There are a number of books that portray financial bubbles and crowd behaviour. This from 1895 is the best one even if it doesn’t specifically touch on the financial markets. The Crowd by the French sociologist Gustave Le Bon covers a number of topics such as how individuals adapt to the group view and suppress their own knowledge, how groups hinder analysis and promote "stories", the way groups make decisions and how they handle persons with a contrary view of events. The points Le Bon makes made huge impressions not only on Sigismund Freud, but also on both Hitler and Mussolini who used them to control the masses.
The Book is divided in three parts. You can leave the third unread. It deals with classifications of different kinds of crowds with examples which very much relate to the 19:th century and also displays a little too much of Le Bon’s fear of socialism. I’m no friend of socialism but this feels dated. The first two parts are at the same time extremely cynical and completely brilliant. Even if the language is old-fashioned it becomes wholly clear for every reader that group psychology hasn’t changed a bit in 115 years. Any study of crowd behaviour should start here.

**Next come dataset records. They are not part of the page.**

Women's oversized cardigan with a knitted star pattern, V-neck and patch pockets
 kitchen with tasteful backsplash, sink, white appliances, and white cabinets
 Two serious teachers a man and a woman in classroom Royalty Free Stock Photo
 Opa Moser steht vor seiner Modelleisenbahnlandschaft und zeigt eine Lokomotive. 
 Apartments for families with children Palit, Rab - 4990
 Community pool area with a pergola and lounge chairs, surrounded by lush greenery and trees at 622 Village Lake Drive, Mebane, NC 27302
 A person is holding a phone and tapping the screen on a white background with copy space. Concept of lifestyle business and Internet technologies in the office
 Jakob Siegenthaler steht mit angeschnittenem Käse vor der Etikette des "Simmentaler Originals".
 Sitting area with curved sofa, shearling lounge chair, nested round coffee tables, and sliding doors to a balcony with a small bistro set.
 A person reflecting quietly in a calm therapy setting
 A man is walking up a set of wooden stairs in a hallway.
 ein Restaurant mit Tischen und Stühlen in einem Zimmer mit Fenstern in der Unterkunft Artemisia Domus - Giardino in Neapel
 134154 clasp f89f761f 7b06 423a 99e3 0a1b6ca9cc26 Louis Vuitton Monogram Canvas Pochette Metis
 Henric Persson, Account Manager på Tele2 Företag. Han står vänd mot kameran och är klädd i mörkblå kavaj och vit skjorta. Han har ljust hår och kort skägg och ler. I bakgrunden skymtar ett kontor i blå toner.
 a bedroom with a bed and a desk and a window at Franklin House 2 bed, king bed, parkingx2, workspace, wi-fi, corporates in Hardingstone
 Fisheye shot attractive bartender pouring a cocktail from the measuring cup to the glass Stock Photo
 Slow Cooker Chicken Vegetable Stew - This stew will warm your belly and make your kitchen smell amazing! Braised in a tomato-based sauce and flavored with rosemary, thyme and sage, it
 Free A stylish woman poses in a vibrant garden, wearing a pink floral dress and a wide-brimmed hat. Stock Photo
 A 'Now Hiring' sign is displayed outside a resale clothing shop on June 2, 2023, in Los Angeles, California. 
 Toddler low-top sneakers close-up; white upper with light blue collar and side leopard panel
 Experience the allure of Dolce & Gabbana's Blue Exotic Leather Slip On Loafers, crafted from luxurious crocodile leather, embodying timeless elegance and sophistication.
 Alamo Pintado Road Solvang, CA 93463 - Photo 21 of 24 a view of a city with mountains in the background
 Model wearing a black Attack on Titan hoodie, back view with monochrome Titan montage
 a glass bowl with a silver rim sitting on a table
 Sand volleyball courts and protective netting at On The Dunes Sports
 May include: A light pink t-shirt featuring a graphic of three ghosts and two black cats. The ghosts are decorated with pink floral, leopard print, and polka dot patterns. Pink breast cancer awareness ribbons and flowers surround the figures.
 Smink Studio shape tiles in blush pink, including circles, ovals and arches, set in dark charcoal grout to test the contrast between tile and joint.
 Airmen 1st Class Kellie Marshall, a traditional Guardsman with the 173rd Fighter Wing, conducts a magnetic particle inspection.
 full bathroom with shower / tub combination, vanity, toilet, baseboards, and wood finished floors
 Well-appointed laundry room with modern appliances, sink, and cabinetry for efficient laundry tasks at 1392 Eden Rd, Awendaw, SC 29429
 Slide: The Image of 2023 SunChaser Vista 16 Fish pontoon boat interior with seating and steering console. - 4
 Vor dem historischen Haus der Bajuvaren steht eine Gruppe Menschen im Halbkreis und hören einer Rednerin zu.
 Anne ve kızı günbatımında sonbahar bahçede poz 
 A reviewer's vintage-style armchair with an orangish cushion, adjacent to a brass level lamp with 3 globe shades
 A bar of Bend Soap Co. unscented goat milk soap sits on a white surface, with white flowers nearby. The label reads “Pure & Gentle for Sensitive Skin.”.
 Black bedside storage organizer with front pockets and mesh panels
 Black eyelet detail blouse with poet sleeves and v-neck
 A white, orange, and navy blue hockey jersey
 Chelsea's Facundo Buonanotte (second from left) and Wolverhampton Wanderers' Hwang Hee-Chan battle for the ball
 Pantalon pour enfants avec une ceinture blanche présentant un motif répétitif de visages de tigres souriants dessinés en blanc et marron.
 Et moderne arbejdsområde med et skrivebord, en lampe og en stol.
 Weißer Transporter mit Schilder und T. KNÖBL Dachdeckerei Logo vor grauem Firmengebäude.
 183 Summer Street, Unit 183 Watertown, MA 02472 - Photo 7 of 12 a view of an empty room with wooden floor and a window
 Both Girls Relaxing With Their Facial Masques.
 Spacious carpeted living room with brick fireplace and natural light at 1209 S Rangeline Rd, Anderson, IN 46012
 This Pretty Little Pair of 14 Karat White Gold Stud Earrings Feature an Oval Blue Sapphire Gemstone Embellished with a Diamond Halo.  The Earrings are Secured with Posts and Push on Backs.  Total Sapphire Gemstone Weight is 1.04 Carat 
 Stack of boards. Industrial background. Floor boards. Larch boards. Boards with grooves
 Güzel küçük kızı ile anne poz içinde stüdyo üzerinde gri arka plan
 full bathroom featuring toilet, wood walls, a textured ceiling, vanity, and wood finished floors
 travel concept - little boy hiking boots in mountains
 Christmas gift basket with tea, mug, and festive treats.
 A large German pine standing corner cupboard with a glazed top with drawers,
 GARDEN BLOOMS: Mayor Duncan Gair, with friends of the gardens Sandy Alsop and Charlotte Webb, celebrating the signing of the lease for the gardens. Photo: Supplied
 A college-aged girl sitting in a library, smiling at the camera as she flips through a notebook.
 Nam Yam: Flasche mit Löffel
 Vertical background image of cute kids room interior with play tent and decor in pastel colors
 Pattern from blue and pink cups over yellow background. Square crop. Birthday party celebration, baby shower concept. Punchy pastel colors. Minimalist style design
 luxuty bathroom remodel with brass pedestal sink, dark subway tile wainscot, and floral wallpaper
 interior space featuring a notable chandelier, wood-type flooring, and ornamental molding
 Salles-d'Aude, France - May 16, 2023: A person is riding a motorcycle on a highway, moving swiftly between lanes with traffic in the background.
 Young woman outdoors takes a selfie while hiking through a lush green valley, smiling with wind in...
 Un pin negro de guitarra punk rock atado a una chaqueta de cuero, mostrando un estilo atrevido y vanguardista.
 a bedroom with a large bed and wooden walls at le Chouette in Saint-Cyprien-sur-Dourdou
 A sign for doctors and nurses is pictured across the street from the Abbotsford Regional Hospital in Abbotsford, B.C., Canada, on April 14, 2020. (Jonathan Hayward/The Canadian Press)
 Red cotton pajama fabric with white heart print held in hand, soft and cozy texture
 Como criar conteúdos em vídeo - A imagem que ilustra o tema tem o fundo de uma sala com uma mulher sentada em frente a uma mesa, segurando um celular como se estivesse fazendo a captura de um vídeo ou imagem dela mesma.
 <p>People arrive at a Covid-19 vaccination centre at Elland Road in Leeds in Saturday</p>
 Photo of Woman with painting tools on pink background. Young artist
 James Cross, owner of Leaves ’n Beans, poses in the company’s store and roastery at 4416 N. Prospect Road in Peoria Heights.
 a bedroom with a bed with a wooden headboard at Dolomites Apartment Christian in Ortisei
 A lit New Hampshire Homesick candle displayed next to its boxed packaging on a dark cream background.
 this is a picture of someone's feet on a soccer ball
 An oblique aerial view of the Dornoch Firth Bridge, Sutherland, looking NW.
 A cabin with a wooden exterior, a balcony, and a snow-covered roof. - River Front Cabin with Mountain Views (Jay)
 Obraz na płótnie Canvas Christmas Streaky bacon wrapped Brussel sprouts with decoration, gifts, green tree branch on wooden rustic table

There are too many interesting topics in the book to cover in a review but one of the important ones is how a collective mind, separated from the individual minds of those constituting the group, forms as the individuals repress traits and knowledge of their own. Temporarily the individual mind could almost be dissolved. As the incorporation in a group is driven by feelings and the very emotional state makes analysis extremely difficult the collective mind is emotionally driven.